= Andy Hines (director) =

Canadian filmmaker

Andrew Hines is a Canadian filmmaker from Nova Scotia, whose feature film debut Little Lorraine premiered in 2025.

Hines, the son of photographer Sherman Hines, began his career as a music video director, creating videos for artists such as Tory Lanez, Logic, Big Sean, Classified, Alicia Keys, Keith Urban, Jason Derulo, J Balvin, Lizzo, Coldplay, Matthew Good and Anderson .Paak.

His video for Big Sean's "One Man Can Change the World" was the winner of the MTV Music Video Award for Best Video with a Social Message at the 2015 MTV Video Music Awards.

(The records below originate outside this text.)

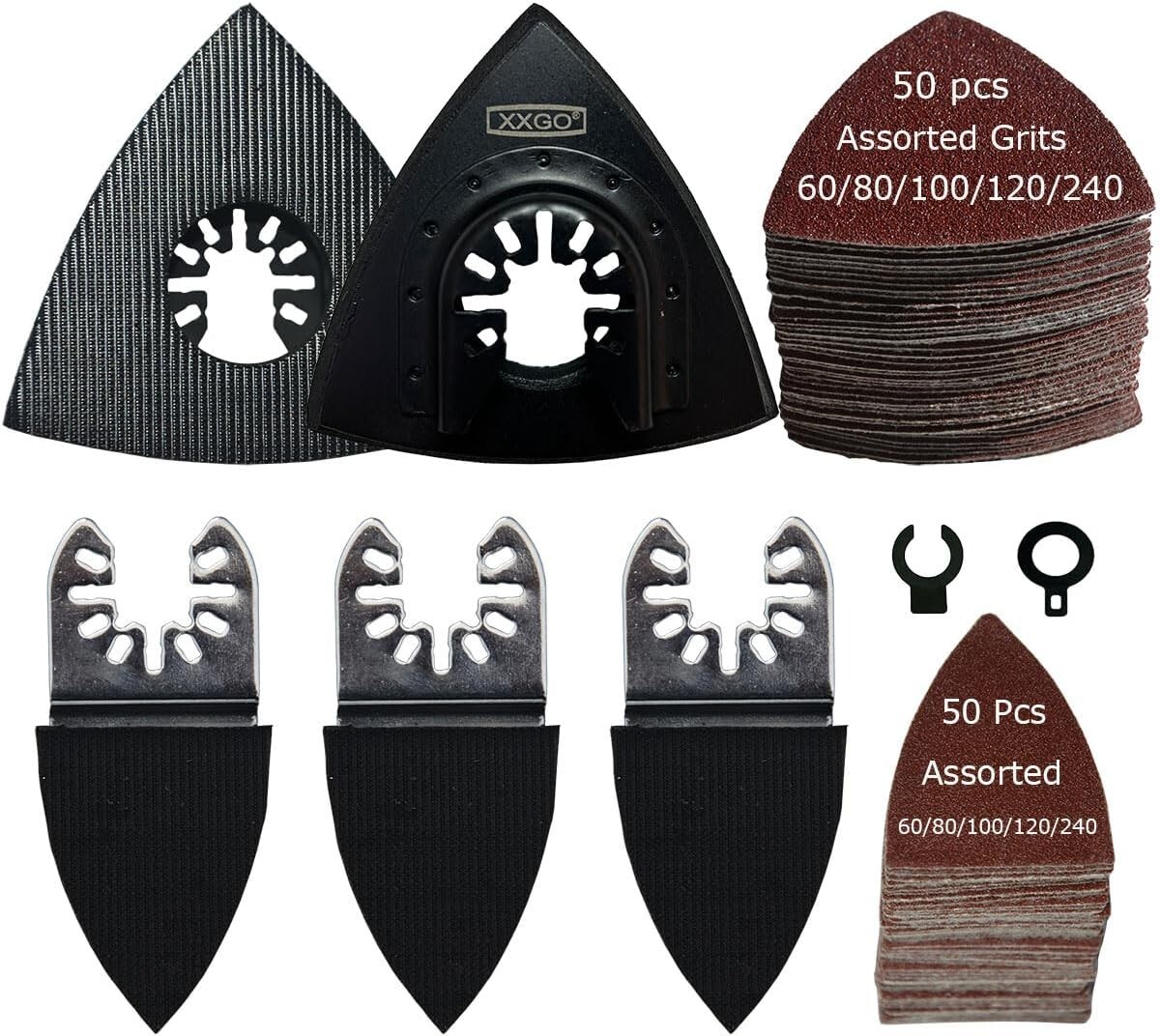 105 Pcs Multi Tool Sanding Pads Set Carbon Steel Assorted Grits Wood Sanding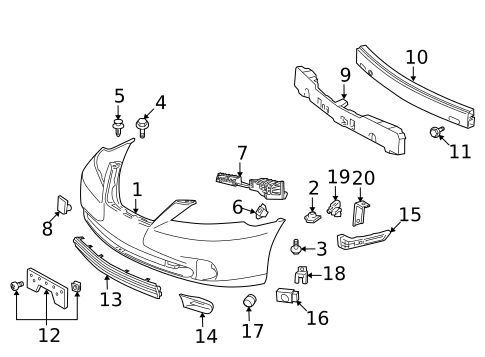 Bumper & Components - Front for 2009 Lexus ES350 #1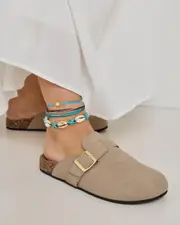 [Karyn In LA] Karyn In LA Girls' Andromeda Anklet Pack in Dark Chocolate/Turquoise One Size Dark Chocolate/Turquoise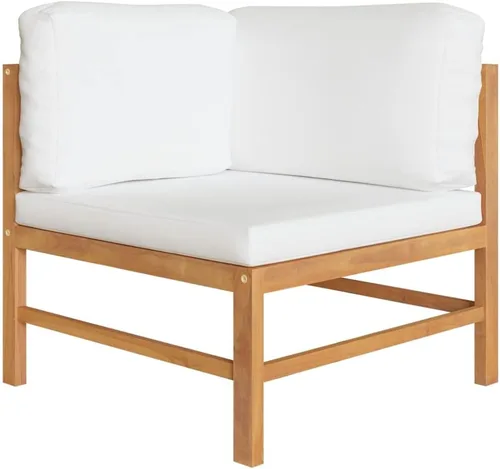 Vista 3 de Ensemble de Salon de Jardin 4 Pièces en Teck Crème avec Coussins Polyester, Confortable et Modulaire Pour Terrasse, Balcon ou Jardin, Design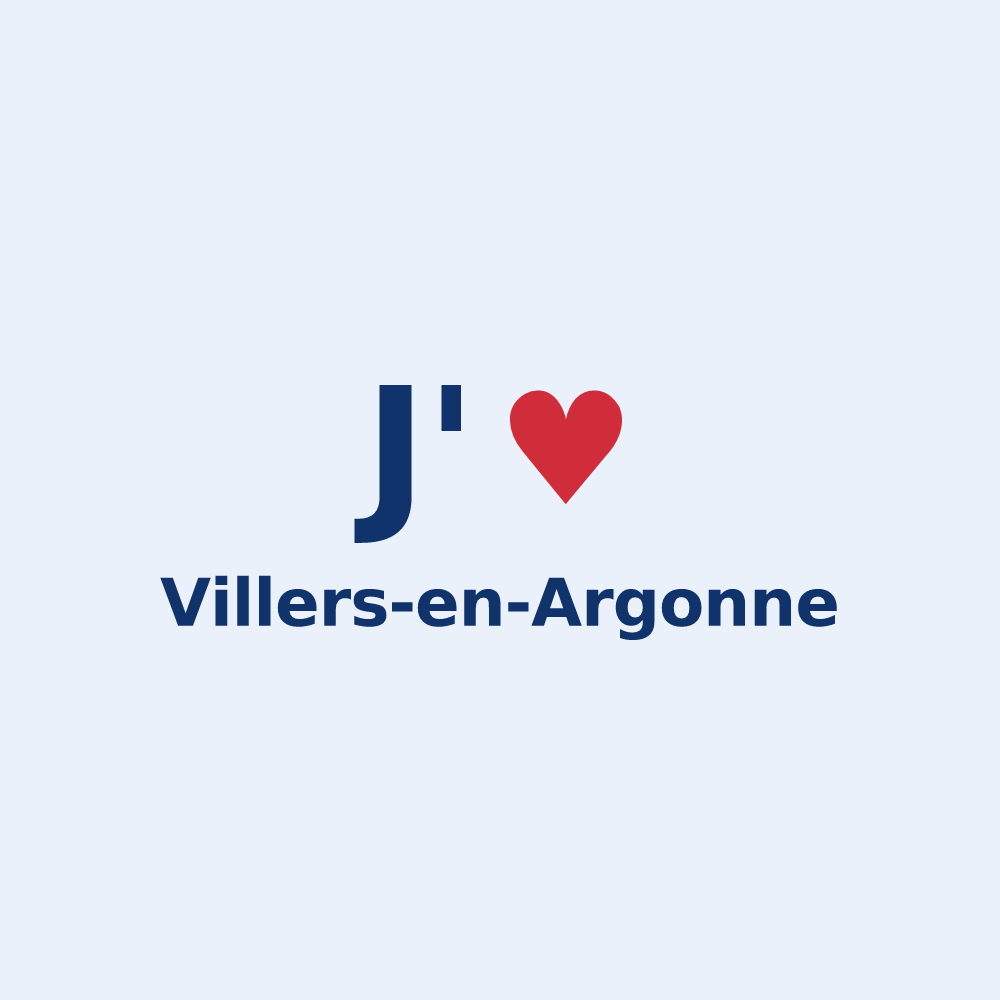 Sticker personnalisé Villers-en-Argonne — design « J'aime Villers-en-Argonne » imprimé sur le sticker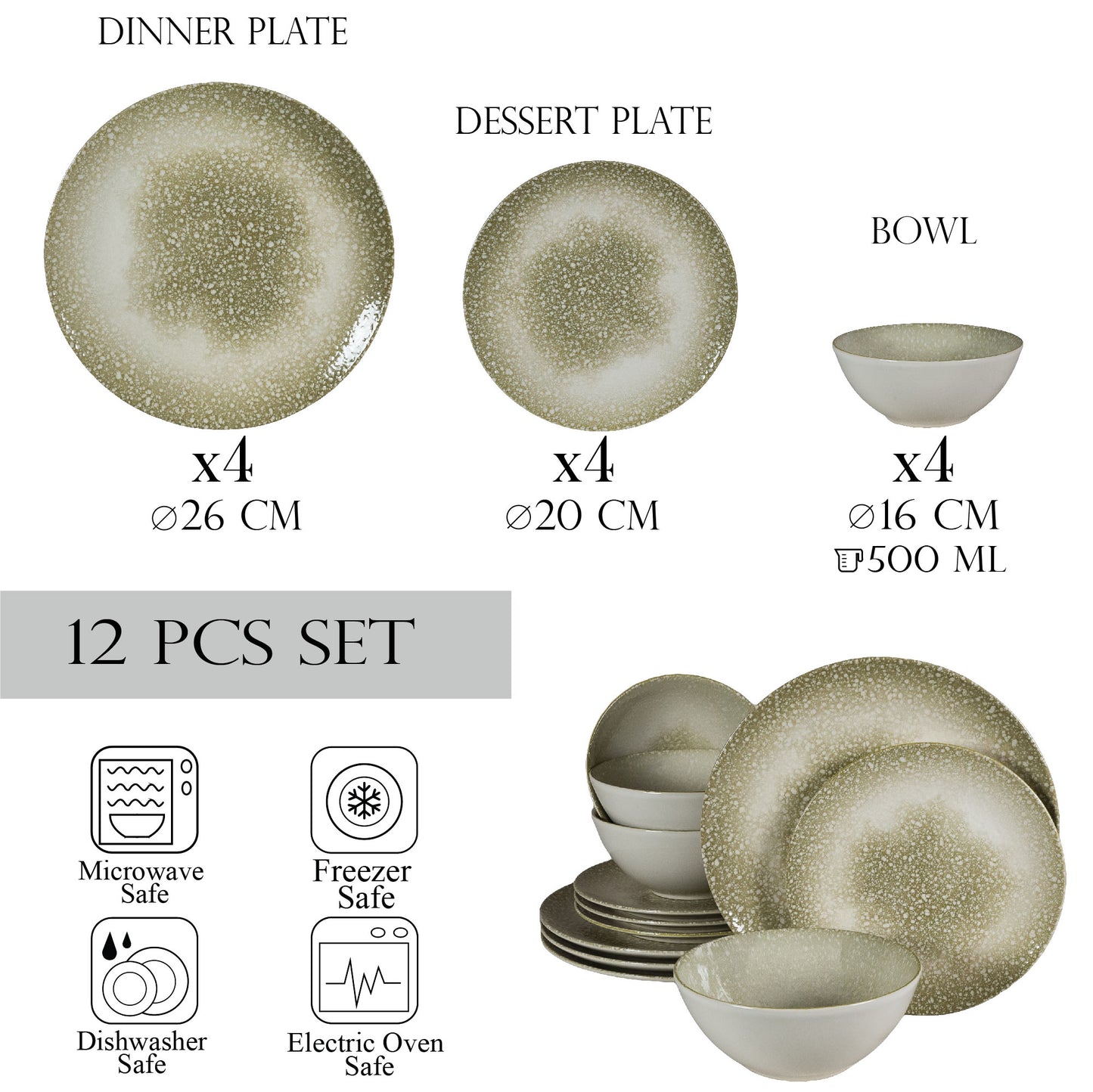 Plate set 12 pieces, for 4 people, Silver, Cesiro, White Ivoire glossy with gray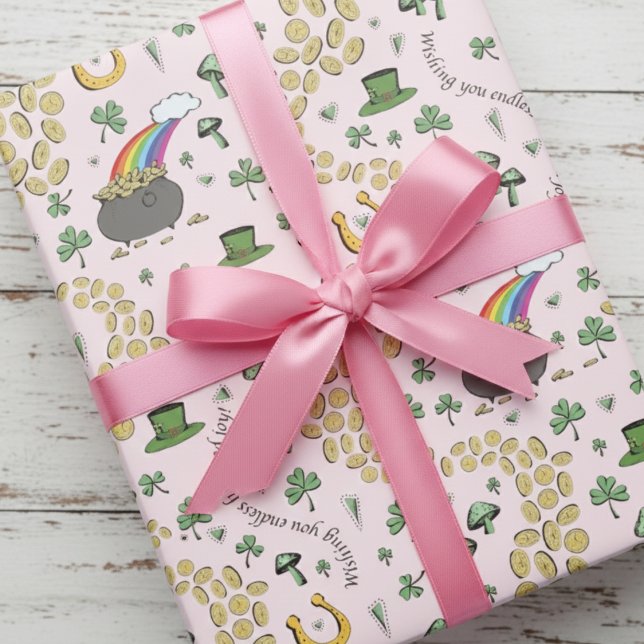 Irish Lucky Shamrock & Pot of Gold Pattern Wrapping Paper (Pink & Green Irish St Patrick's Day Girl Gift Wrap. Leprechaun, Pot of Gold, Lucky Shamrock, Rainbow)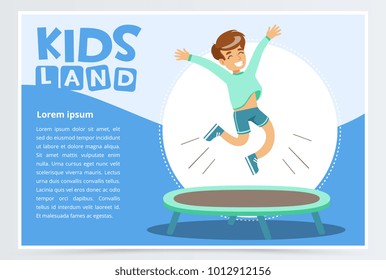 Smiling active boy jumping on trampoline, kids land banner flat vector element for website or mobile app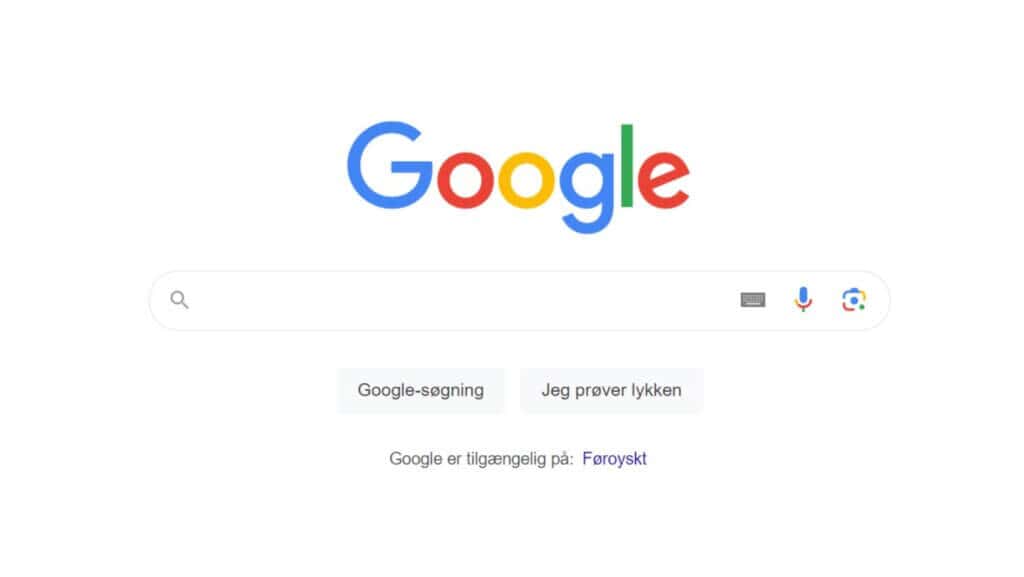 Hjemmeside design der er helt minimalistisk - og derfor virker helt perfekt: Google.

His video for Logic's "1-800-273-8255" was a Grammy Award nominee for Best Music Video at the 60th Annual Grammy Awards in 2018 , and his video for Classified's "Powerless" received a Juno Award nomination for Video of the Year at the Juno Awards of 2019, as well as being shortlisted for the 2019 Prism Prize.

In 2022 he directed the video for Adam Baldwin's single "Lighthouse in Little Lorraine", which he subsequently used as proof of concept to secure studio interest in a feature film treatment of the true story that inspired the song. Little Lorraine premiered in the Discovery program at the 2025 Toronto International Film Festival. It was subsequently screened at the 2025 Atlantic International Film Festival, where Hines and Baldwin won the Michael Weir Award for best screenwriting.

Hines said he hoped to use a similar music video adaptation approach to secure financing for other film ideas.